There was utter silence for a moment. Then: "What do you want?" Reagan said in contemptuous tones.
"Now, you shouldn't talk like that, Jack," the clerk said, grinning. "After all, I'm only trying to help you, you know."
"The hell you are, you son of a bitch."
The clerk suddenly flared up in anger, his face a hot red. "Don't call me names, Jack. You hear me? Never!" He calmed down after the outburst, knowing he controlled the situation. "If it wasn't for me, you'd be fired by now, and that would be terrible, what with a six-month-old baby and everything. Think about it, Jack."
"I am," came the trembling response.
"You wouldn't find another good job so easy, either, Jack. The postal authorities would see to that… They don't like men like you; men sick and dirty of mind who are helping destroy the moral fibre of our country."

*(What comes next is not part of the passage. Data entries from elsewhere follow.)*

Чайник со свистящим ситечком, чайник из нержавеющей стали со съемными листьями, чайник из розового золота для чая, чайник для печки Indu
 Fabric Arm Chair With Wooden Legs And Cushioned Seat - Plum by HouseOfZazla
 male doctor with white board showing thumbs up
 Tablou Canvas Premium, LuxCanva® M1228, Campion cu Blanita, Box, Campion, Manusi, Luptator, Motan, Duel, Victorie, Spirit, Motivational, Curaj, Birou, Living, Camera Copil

"Save the lecture. What do you want?"
"Your wife."
"No!" came the horrified gasp. "Not Sally, not again!"
"Yes. Sally, and again!"
"But… but you promised!"
"That was before, Jack."
"Before what?"
"Before the authorities raided a pornographer's house over on the south side of town. Before they found a letter of yours…"
"God! No!" Reagan moaned.
"I went to bat for you again, Jack. All they had was the envelope actually with your address on it. I told them that it must have been a mistake, that I know you and that you're a good, clean, all-American patriot, the pillar of the community. They aren't going to do anything to you… yet! But if I should say something…" he left the threat of what the postal authorities might do to Reagan unsaid, only snickering triumphantly into the mouthpiece.
Reagan's voice was leaden. "So now you want to get paid."
"That's right. I want my little, ah… reward and I want it now. I'm waiting at home. Call that sweet little wife of yours and get her over here fast. I won't be waiting long."
Again there was a long, deathlike pause. Finally Reagan, his voice indicating the surrender he felt, said, "Okay. I'll do it. I'll send her over in a cab, but please be gentle with her this time. And… this has to be the last time."
"Heh, heh," Samuels chuckled. "Of course, Jack. Of course it'll be the last time. And I promise that soon you'll get back those pictures of you and your wonderful wife you tried to send through the mails." He chortled some more, then rang off.